:: What is needed ::
From the first line to the last, return the data exactly, with no pictures.

:: Collected data ::
───
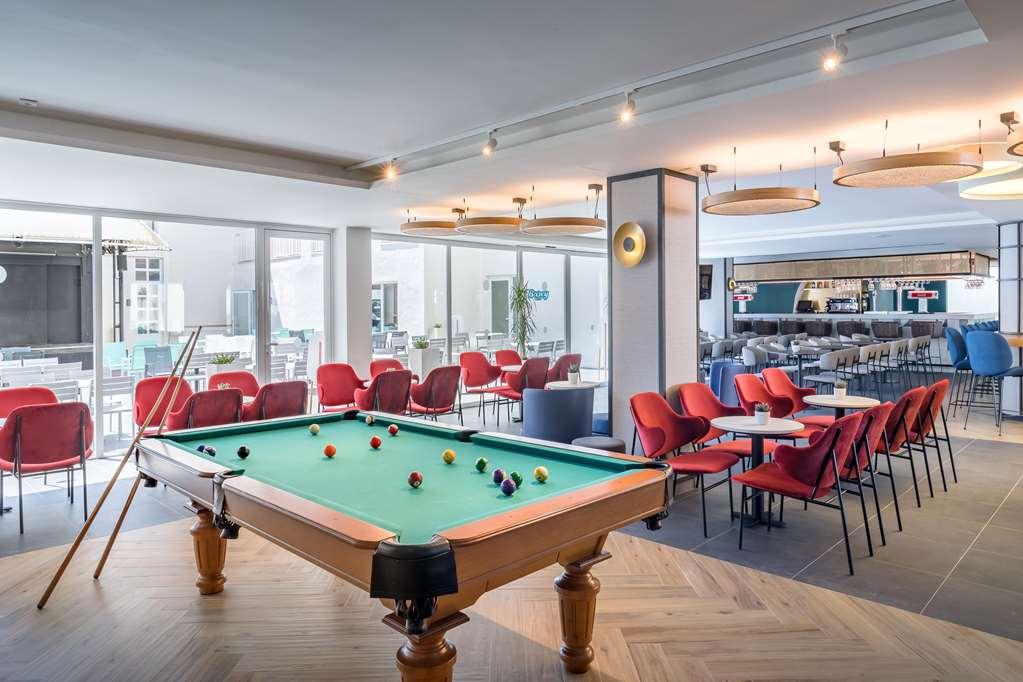 Barcel Ponent Playa Hotel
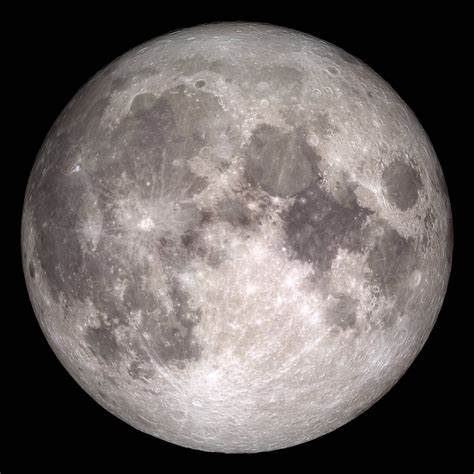 Moon Viewing Guide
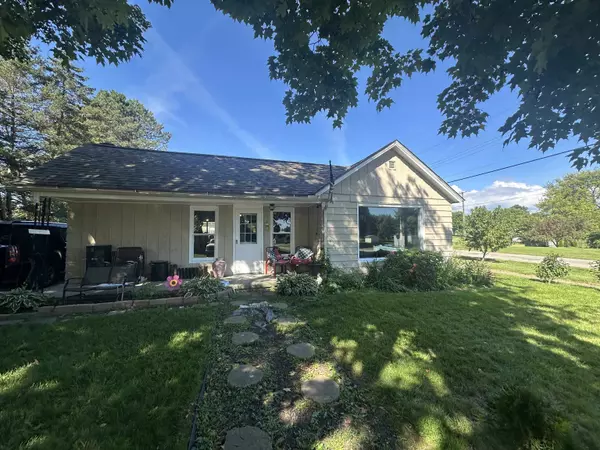 Mayville, MI 48744,6306 1st Street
───
:: Expected answer ::
 Barcel Ponent Playa Hotel
 Moon Viewing Guide
 Mayville, MI 48744,6306 1st Street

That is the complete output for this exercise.